For the string "Drive", search the entries below and copy every line where it appears.
─── Material for this task
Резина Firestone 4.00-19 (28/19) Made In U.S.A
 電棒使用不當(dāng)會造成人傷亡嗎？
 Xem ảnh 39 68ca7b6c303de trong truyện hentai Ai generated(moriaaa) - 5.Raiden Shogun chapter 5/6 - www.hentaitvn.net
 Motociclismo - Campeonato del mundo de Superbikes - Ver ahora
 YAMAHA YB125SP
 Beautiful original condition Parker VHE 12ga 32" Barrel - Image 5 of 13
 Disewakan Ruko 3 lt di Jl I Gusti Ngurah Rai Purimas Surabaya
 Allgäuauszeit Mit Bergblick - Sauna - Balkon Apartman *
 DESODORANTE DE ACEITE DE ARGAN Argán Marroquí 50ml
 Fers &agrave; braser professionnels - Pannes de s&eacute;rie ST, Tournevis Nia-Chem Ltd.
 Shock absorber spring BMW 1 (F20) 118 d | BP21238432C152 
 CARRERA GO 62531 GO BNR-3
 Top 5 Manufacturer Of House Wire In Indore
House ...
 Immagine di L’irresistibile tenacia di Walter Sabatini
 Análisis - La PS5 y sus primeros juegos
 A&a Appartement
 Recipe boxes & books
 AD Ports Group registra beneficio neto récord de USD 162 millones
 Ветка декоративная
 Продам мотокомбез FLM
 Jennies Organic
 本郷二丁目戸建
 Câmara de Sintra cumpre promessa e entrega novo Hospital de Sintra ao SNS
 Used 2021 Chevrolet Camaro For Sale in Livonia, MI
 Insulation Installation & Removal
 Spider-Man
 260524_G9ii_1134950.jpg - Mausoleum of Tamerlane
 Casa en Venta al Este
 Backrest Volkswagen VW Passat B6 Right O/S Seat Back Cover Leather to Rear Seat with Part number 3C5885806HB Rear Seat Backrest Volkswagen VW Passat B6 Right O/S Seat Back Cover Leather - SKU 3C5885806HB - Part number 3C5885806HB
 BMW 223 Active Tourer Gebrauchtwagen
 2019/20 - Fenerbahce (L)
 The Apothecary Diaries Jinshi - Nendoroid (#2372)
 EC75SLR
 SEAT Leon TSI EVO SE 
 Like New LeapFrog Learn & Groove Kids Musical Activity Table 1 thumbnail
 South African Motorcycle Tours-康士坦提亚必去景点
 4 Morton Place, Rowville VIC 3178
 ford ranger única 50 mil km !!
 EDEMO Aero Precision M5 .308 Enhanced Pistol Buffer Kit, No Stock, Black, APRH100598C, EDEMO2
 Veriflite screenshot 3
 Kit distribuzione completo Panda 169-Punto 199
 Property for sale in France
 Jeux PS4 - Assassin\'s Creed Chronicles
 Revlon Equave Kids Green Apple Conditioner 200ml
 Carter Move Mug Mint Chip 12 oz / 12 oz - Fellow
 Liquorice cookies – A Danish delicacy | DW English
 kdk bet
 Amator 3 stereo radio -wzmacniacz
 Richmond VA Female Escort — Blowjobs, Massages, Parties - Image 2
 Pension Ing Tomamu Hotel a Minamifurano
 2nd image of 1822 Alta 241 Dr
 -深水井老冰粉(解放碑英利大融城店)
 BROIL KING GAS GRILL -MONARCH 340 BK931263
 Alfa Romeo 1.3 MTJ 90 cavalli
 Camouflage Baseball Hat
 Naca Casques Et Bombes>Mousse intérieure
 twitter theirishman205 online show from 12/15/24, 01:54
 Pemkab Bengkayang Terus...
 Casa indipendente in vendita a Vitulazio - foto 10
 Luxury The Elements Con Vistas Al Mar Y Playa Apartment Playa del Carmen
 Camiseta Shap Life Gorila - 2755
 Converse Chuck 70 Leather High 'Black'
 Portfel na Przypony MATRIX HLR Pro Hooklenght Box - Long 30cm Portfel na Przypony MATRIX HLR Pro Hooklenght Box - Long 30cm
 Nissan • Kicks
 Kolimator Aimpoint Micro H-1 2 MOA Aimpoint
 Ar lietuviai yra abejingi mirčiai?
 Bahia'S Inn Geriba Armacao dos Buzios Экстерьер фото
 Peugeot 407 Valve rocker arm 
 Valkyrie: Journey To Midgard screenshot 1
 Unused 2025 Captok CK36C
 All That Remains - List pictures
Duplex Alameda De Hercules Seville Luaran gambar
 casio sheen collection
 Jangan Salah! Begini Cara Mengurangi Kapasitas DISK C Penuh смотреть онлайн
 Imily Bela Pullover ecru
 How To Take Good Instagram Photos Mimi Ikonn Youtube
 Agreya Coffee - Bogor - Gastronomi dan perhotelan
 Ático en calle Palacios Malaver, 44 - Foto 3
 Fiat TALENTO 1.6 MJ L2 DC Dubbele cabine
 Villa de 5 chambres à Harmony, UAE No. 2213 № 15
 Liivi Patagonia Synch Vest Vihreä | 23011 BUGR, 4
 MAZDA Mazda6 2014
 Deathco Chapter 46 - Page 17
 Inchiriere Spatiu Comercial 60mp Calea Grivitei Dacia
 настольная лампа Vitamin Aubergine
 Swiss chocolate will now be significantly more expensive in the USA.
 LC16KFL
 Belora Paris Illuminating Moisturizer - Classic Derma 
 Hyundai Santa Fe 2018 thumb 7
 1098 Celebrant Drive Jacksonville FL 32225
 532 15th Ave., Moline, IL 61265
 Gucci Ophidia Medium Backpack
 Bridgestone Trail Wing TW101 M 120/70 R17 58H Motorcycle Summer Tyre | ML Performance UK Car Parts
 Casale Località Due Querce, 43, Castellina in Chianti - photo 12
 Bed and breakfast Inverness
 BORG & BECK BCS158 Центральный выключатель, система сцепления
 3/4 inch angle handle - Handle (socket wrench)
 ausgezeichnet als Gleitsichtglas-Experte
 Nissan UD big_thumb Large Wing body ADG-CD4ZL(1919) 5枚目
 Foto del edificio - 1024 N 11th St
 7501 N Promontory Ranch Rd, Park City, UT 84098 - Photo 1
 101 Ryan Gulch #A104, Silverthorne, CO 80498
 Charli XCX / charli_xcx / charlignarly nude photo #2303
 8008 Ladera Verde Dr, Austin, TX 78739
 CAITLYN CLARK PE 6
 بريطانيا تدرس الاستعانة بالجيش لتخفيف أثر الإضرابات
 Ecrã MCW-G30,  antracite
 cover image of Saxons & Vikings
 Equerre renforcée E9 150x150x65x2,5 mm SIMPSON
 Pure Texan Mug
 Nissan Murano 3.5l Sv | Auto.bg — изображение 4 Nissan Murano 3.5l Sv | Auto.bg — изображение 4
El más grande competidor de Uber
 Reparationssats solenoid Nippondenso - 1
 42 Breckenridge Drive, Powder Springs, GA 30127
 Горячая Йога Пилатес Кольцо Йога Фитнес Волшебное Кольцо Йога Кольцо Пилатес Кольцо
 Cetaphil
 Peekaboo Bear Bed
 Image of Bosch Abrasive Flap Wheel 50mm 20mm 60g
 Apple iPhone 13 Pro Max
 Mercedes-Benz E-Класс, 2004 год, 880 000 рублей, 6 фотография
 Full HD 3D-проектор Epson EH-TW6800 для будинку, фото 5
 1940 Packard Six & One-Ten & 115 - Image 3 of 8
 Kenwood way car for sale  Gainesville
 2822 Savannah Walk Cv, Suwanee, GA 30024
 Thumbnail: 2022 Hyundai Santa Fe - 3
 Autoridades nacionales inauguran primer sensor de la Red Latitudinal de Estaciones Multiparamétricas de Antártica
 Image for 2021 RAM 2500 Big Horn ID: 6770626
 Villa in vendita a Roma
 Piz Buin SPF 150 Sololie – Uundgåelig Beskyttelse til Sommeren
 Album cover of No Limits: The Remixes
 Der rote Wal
──────
▸ **Output for this task**
 1098 Celebrant Drive Jacksonville FL 32225
 42 Breckenridge Drive, Powder Springs, GA 30127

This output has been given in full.